Pope St. Sylvester and Constantine
Today, the seventh day in the octave of Christmas, the Church celebrates the optional memorial of St. Sylvester I, pope and confessor. Little is known about his life and formative years. He ruled the Church during the reign of Constantine when the Arian heresy and the Donatist schism provoked great controversy. As Supreme Pontiff he convoked the first Ecumenical Council of Nicaea. Sylvester did not attend the Council of Nicaea in 325, but he was represented by two legates, and he approved the council's decision.

During his pontificate, the great Basilicas were founded in Rome by Constantine; [the Basilica of St. John Lateran, Santa Croce in Gerusalemme, Old St. Peter's Basilica, and several others,] built over the graves of martyrs. Sylvester's papacy lasted from 314 until his death in 335. History testifies that only a strong, wise Pope could have preserved the essential autonomy of the Church in the face of a figure like Emperor Constantine.

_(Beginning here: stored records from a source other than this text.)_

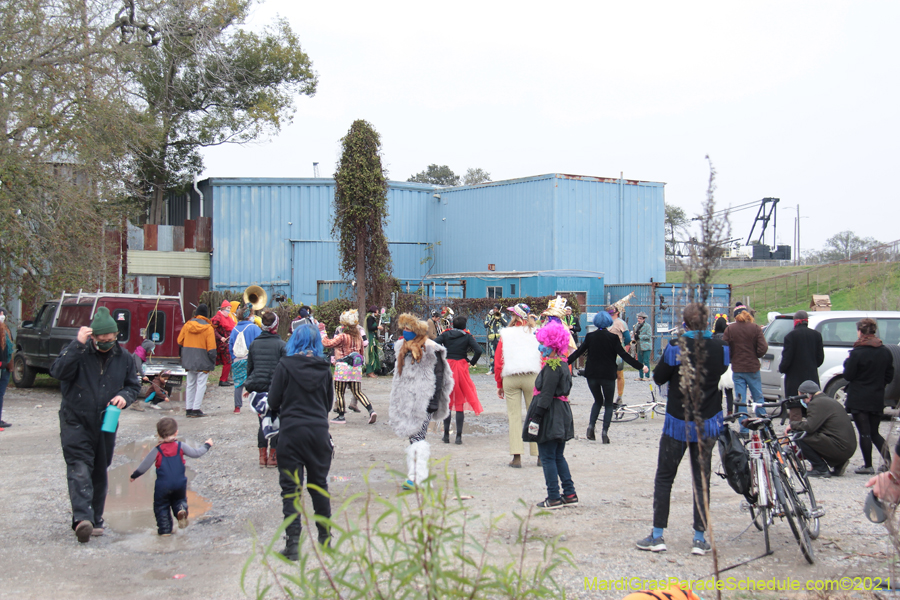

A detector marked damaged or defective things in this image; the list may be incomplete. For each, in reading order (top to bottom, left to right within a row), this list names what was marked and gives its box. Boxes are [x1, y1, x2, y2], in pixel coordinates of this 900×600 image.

rusty metal siding [212, 177, 436, 304]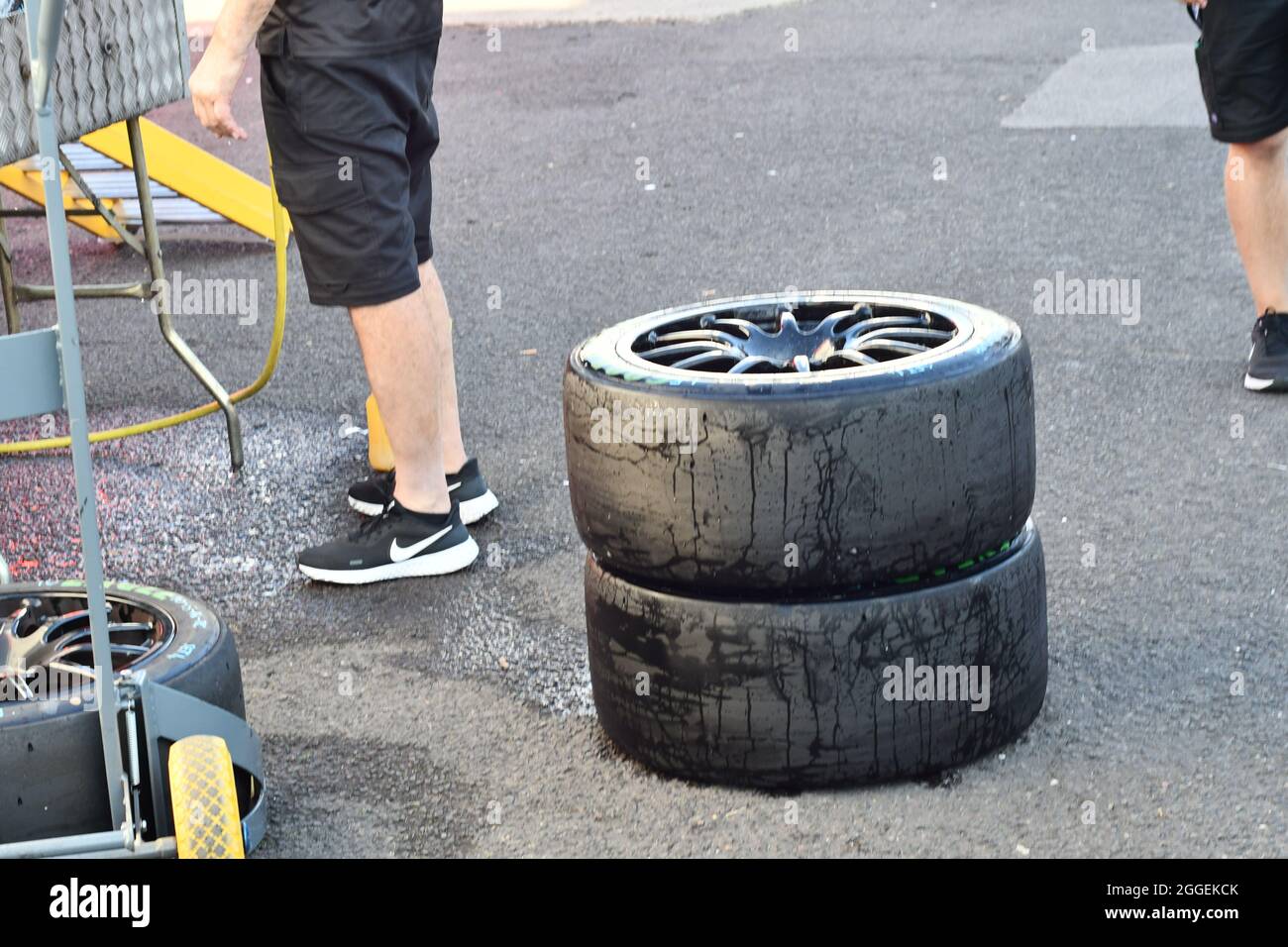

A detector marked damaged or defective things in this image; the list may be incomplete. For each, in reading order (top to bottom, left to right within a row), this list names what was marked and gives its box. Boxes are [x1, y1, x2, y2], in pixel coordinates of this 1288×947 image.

cracked tire surface [563, 295, 1030, 590]
cracked tire surface [0, 586, 245, 844]
cracked tire surface [583, 527, 1046, 785]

St. Sylvester I – A Consequential Papacy

When Pope Melchiades died in January, 314, St. Sylvester was chosen as his successor. He governed the Church for more than twenty-one years, ably organizing the discipline of the Roman Church, and taking part in the negotiations concerning Arianism and the Council of Nicaea. He also sent Legates to the first Ecumenical Council.

During his Pontificate were built the great churches founded at Rome by Constantine, the Basilica and baptistery of the Lateran, the Basilica of the Sessorian palace (Santa Croce), the Church of St. Peter in the Vatican, and several cemeterial churches over the graves of martyrs. There is no doubt Sylvester helped towards the construction of these churches. He was a friend of Emperor Constantine, convened the first General Council of Nicaea, and gave the Church direction in the new era of peace. He might be called the first "peace Pope" after centuries of bloody persecution. On the Via Salaria Sylvester built a cemeterial church over the Catacomb of St. Priscilla, and it was in this church that he was buried following his death on December 31, 335.

Numerous legends dramatize his life and work, e.g., how he freed Constantine from leprosy by baptism; how he killed a ferocious dragon that was contaminating the air with his poisonous breath. Such legends were meant to portray the effects of baptism and Christianity's triumph over idolatry. For some time the feast of St. Sylvester was a holy day of obligation. The Divine Office notes: He called the weekdays feria, because for the Christian every day is a "free day" [the term is still in use; thus Monday is feria secunda].

Adapted excerpt compiled from Heavenly Friends, Rosalie Marie Levy and The Church's Year of Grace, Pius Parsch.

Collect Prayer

Come, O Lord, to the help of your people, sustained by the intercession of Pope Saint Sylvester, so that, running the course of this present life under your guidance we may happily attain life without end. Through our Lord Jesus Christ, your Son, who lives and reigns with you in the unity of the Holy Spirit, one God, for ever and ever.